治療法が確立していない未知の感染症と聞くと、小さなわが子をどうやったら守れるだろうかと不安が募るもの。感染についての情報の中で「免疫が低下したお年寄りは重症化しやすい」などと聞いて、「わが子の免疫力を高める方法が知りたい」と思っているママ・パパは少なくないでしょう。そこで免疫と感染防止について、慶應義塾大学医学部教授で小児科医の高橋たかお先生に伺いました。

 

新型コロナは未知のウイルス、世界中の誰にも免疫がありません

マスクをする人のイラスト

担当編集I(以下、I):新型コロナウイルスの感染拡大に不安を募らせているのは、重症化の可能性が高いとされている高齢層ばかりではなく、子育て世代も同じかと思います。

高橋先生:不安なお気持ち、わかります。新型コロナウイルスは人類にとって大きな脅威となっているわけですから。それはこのウイルスが、今まで世界中で誰一人として経験したことのないものであるということが理由です。この世には多種多様なウイルスや細菌が存在していますが、人間のからだはそれぞれのウイルスや細菌を一度経験すると、その情報を覚えて防御する力ができて感染しにくくなったり、感染しても軽い症状で治るようになっています。このような防御力が免疫力の主体です。

I:新型コロナウイルスは、免疫を持っている人が誰一人いないので「為す術がない」わけですね。

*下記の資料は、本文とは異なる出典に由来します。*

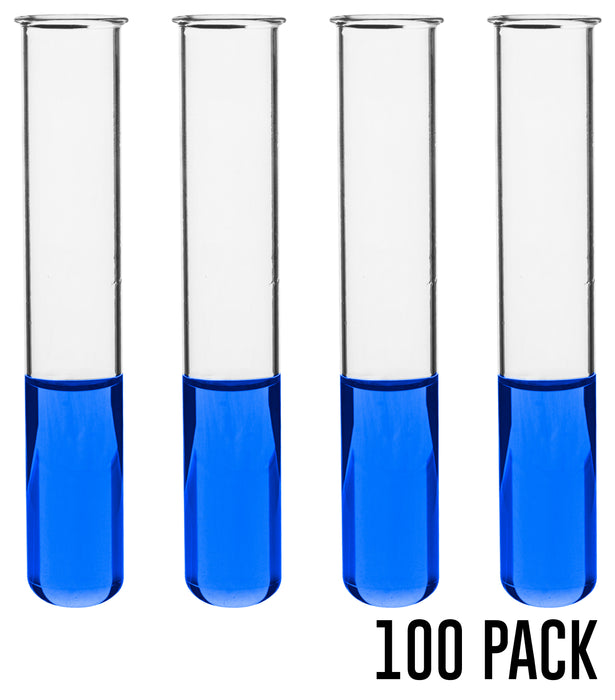 100PK Test Tubes, 50mL, 24x150mm - Rimmed - Light Wall, 1.2mm Thick - Borosilicate 3.3 Glass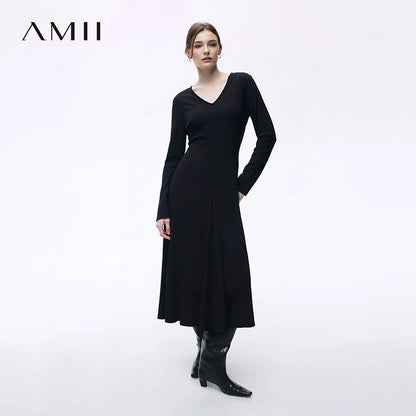 Elegantes Damen Strickmaxikleid Mit Elastischer Taille Für Büro Und Reisen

高橋先生:ええ。潜伏期間や症状などがまだ詳しくは分かっていませんし、治療法もないわけですから、とにかく感染しないように気を付けるしかないということです。ちなみに重症化しているのは、多くが体力のないお年寄りや、さまざまな合併症を起こしやすくする基礎疾患をお持ちの方々です。風邪でもインフルエンザでも、そういう人が感染症にかかると重篤化することは珍しくありません。感染症全般にあてはまる特徴といえることで、新型コロナウイルスが特別というわけではありません。

I:今回お聞きしたかったのはいわゆる「免疫力」についてです。食生活や生活習慣を正せば免疫力が上がるなんて言われていますよね。一般的な風邪も免疫力が高いと、引きづらいというイメージがあります。

高橋先生:そうなんですか…。でも、風邪を引きやすいか、体調を崩しやすいか、ということと「免疫力が高い、低い」ということとは、少数の免疫不全と呼ばれる病気の方々以外では無関係のことがほとんどです。

I:えっ、そうなんですか! 風邪を引かないために免疫力を上げる食事を、みたいなネット記事や健康系のテレビ番組、たくさんあるじゃないですか…。

高橋先生:体に良いと信じて美味しく食べているのであれば悪いとは言いませんが、免疫力を高めるという観点からはあまり意味はないですね。特定の食品をたくさん食べたからといって免疫力が上がることは基本的にはありません。免疫というのは、人間のからだが病原体や毒素、場合によってはがん細胞などの「異物」を認識してその侵入を阻止したり、排除する力です。ひとが生きていく上でとても重要な力なので、そうやすやすとは低下しません。免疫の力はひとが元々持っている遺伝子でしっかり守られていて、極端に偏った食事や極度のストレスでもない限り、基本的にその力には大した個人差はありません。

鼻をかむ女の子

I:でも、免疫が下がればがんになりやすいとか言うじゃないですか。

高橋先生:確かにそういう科学的データはありますが、免疫が下がれば必ずがんになるわけでもないし、がんになった方の免疫力は必ずしも低いというわけでもない。そもそも、がんにかかり易くなるほど免疫力が下がることは通常ではありません。さらに、がん細胞に対する免疫力なんて、そう簡単に検査で分かるものでもありません。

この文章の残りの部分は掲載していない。